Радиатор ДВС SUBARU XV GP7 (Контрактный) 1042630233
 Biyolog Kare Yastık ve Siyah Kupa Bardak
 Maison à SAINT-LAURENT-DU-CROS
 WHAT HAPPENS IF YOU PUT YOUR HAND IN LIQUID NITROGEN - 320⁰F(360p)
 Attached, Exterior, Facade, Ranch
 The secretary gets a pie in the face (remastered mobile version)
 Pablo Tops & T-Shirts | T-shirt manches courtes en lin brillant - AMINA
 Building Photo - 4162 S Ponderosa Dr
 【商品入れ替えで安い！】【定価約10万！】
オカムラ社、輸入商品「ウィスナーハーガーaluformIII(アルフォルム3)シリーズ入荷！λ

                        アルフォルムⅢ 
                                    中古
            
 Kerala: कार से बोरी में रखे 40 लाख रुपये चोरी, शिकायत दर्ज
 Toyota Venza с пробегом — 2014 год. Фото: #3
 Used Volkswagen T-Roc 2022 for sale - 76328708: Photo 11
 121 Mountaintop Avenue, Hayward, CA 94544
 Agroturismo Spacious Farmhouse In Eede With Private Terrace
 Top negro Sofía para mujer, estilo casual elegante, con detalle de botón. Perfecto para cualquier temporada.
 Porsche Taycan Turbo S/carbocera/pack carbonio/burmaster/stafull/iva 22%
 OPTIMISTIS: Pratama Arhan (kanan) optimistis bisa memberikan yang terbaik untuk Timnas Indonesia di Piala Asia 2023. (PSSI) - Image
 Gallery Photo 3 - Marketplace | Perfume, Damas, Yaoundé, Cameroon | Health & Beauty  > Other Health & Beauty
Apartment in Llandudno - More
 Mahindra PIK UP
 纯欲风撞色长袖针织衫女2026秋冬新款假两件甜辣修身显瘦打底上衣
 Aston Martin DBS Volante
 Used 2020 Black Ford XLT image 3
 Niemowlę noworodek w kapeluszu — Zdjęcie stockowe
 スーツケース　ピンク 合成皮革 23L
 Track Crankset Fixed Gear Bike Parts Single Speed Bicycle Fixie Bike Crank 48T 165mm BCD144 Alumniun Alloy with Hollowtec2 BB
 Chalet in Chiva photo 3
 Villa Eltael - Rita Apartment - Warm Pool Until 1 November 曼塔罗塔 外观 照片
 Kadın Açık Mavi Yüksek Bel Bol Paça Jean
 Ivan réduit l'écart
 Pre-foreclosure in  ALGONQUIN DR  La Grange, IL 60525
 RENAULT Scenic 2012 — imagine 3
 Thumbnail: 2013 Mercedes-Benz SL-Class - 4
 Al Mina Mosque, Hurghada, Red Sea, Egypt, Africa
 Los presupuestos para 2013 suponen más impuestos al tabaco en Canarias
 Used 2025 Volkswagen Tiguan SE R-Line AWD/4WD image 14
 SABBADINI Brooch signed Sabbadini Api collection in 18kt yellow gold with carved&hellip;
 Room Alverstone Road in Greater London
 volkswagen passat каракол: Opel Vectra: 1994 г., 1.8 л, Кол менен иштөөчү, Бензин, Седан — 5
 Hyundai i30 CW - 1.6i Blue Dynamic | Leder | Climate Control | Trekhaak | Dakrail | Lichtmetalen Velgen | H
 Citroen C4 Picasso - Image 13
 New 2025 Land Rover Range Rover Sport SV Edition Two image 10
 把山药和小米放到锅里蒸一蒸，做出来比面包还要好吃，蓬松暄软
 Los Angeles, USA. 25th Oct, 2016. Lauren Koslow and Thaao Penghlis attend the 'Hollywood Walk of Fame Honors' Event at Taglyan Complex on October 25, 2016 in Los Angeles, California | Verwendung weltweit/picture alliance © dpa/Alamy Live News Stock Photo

———

What is being asked: Work out how many lines of the listing above include "Apartment". Answer with the number and nothing more.

Your solution: 2